EXERCISE OBJECTIVE:
Copy nothing but the lines from the opening of the entries through the line that contains "Hi guys, hope", exactly as written. Drop the pictures.

RECORDS FOR THE EXERCISE:

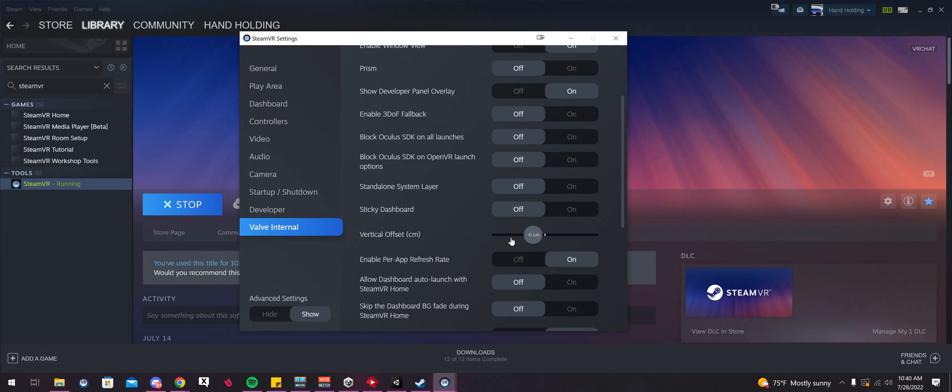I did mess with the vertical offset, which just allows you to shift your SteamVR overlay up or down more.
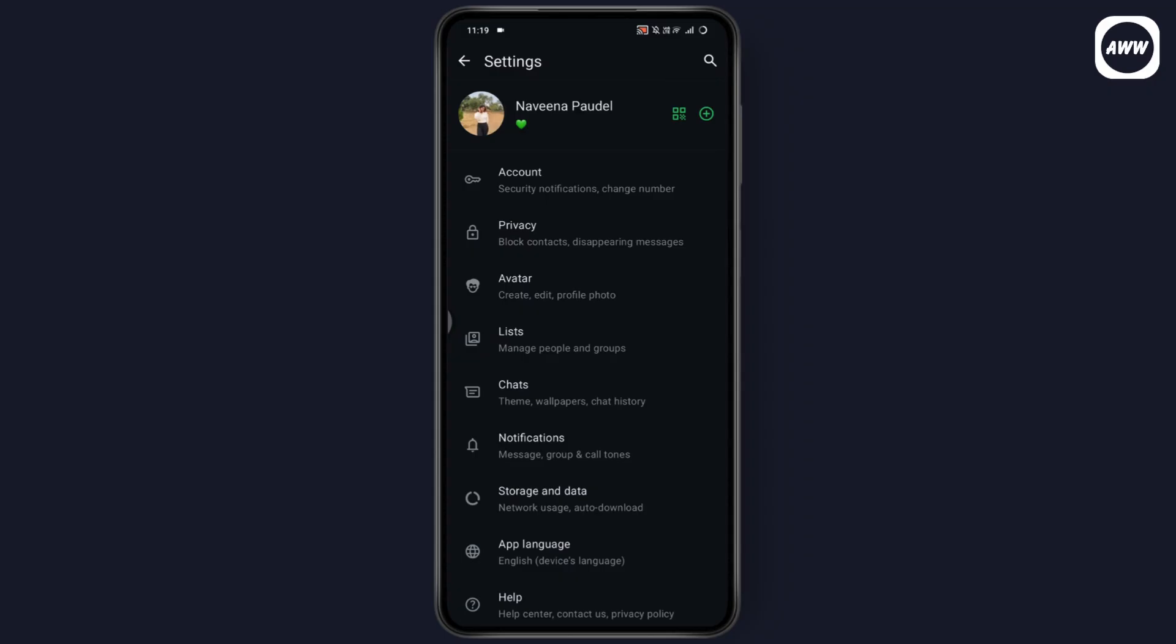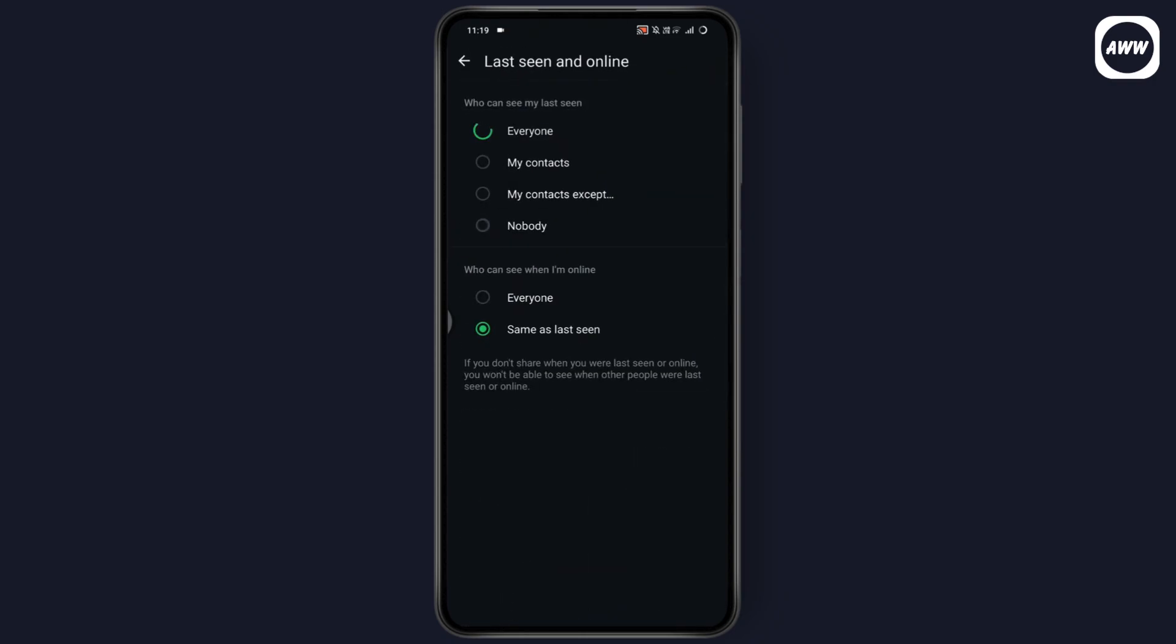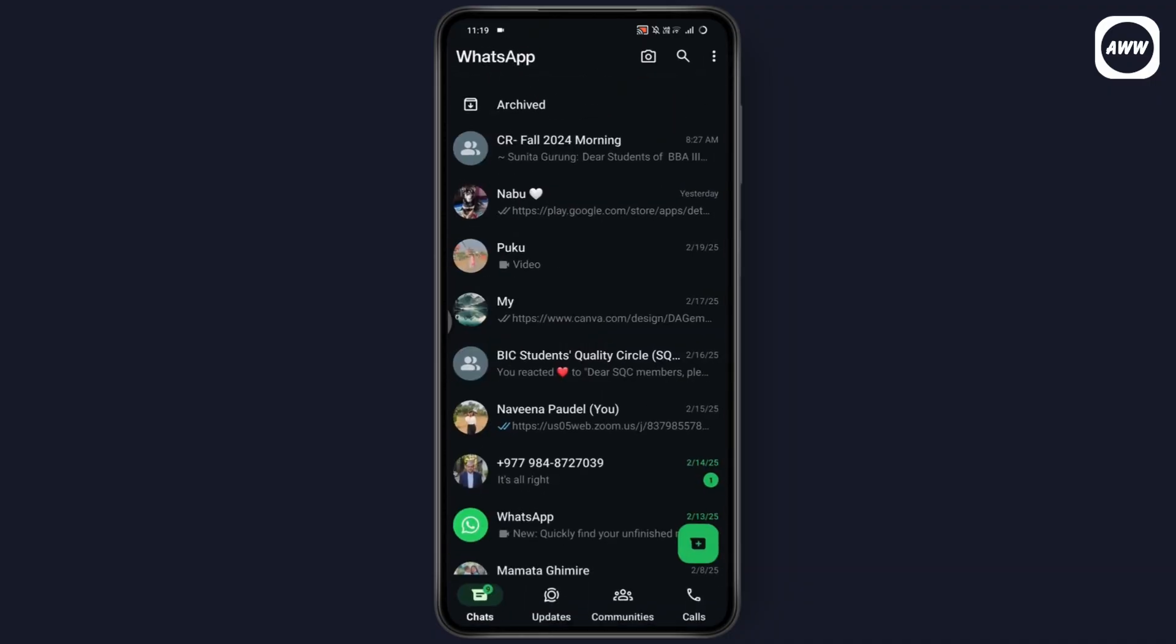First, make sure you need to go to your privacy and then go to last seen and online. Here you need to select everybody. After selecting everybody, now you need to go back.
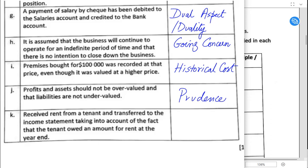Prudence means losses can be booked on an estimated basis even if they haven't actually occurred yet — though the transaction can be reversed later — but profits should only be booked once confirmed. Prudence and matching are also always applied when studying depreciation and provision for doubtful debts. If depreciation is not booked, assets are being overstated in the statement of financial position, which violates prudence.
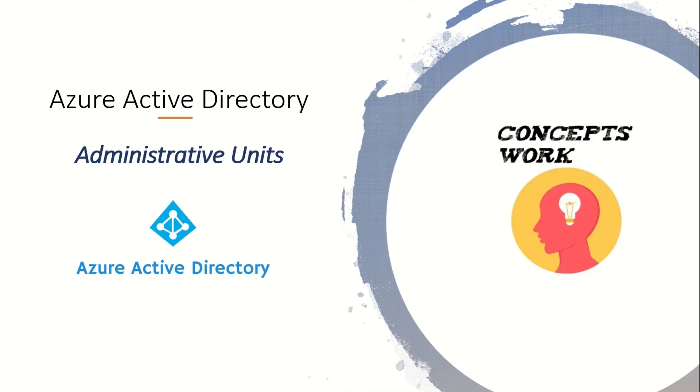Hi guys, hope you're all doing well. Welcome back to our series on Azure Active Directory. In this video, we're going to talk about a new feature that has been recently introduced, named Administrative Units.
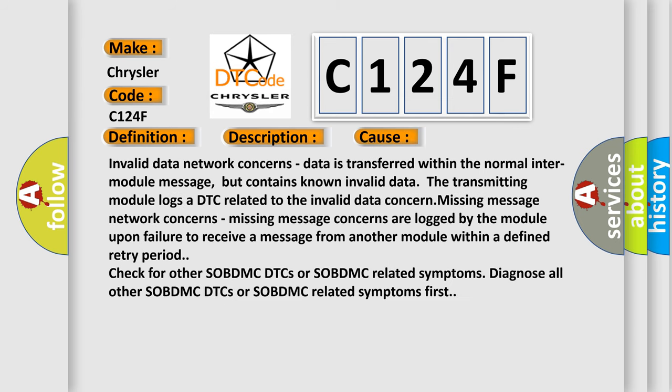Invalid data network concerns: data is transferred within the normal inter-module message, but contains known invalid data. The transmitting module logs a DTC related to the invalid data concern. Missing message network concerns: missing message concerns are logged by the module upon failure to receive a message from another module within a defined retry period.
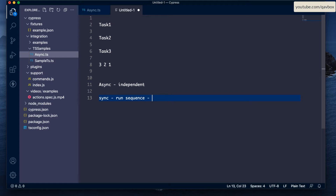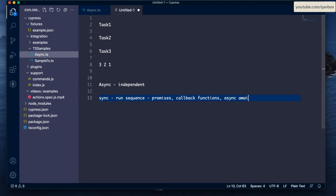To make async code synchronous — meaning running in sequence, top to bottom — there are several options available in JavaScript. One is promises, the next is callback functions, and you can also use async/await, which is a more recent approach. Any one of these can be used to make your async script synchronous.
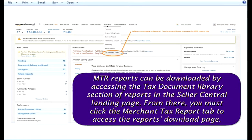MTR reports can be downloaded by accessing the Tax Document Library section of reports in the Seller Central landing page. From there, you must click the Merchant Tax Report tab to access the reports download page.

YOUR SOLUTION:
I did mess with the vertical offset, which just allows you to shift your SteamVR overlay up or down more.
First, make sure you need to go to your privacy and then go to last seen and online. Here you need to select everybody. After selecting everybody, now you need to go back.
Prudence means losses can be booked on an estimated basis even if they haven't actually occurred yet — though the transaction can be reversed later — but profits should only be booked once confirmed. Prudence and matching are also always applied when studying depreciation and provision for doubtful debts. If depreciation is not booked, assets are being overstated in the statement of financial position, which violates prudence.
Hi guys, hope you're all doing well. Welcome back to our series on Azure Active Directory. In this video, we're going to talk about a new feature that has been recently introduced, named Administrative Units.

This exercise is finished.